⟨

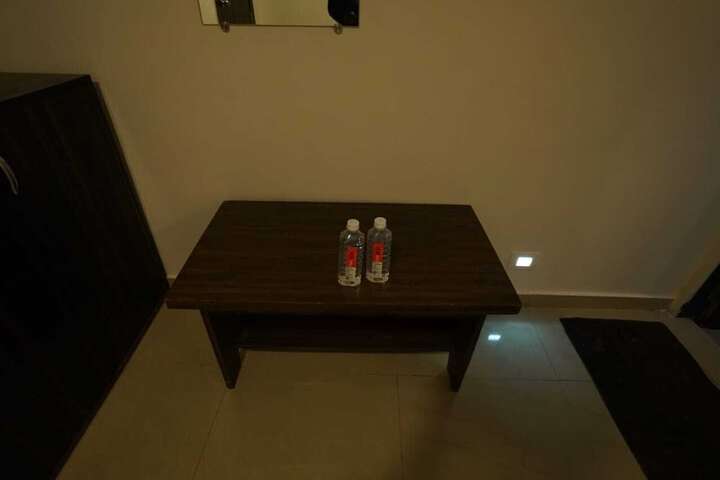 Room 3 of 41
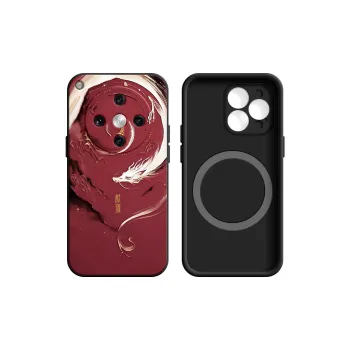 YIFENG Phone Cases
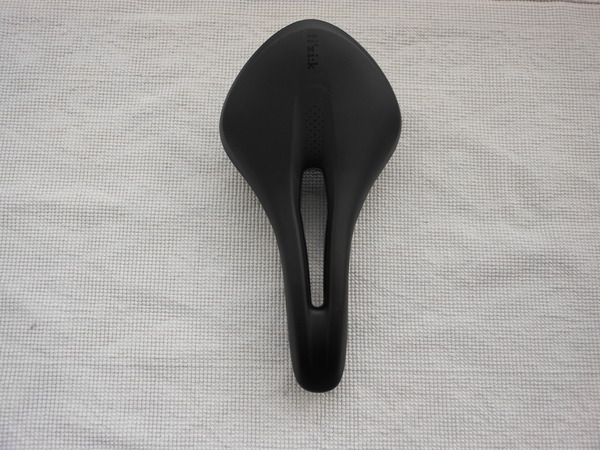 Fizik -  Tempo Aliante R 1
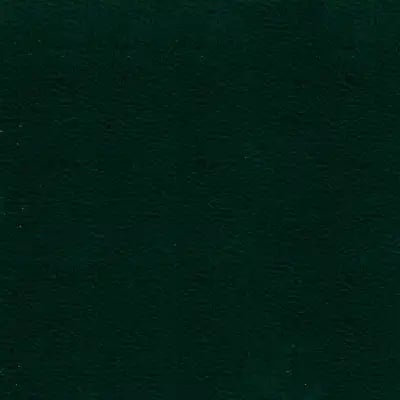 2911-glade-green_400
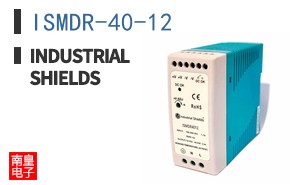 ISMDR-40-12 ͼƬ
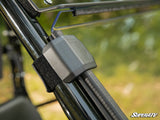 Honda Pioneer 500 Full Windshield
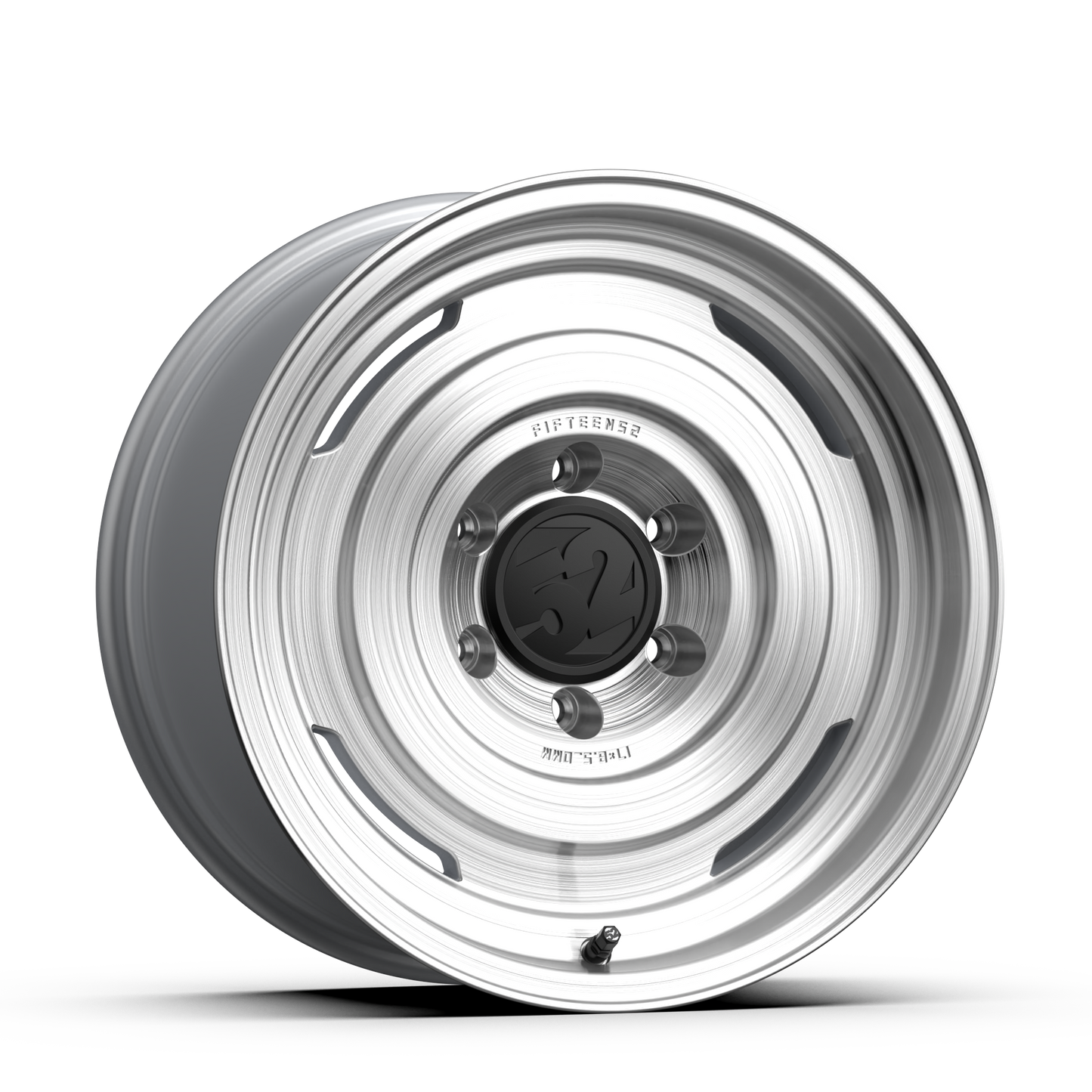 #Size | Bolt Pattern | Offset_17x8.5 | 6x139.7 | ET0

⟩

What the exercise asks
No pictures should appear in the copy. Reproduce exactly the lines from the line containing "ISMDR-40-12 ͼƬ" through the last line of the data, inclusive.

Exercise response
 ISMDR-40-12 ͼƬ
 Honda Pioneer 500 Full Windshield
 #Size | Bolt Pattern | Offset_17x8.5 | 6x139.7 | ET0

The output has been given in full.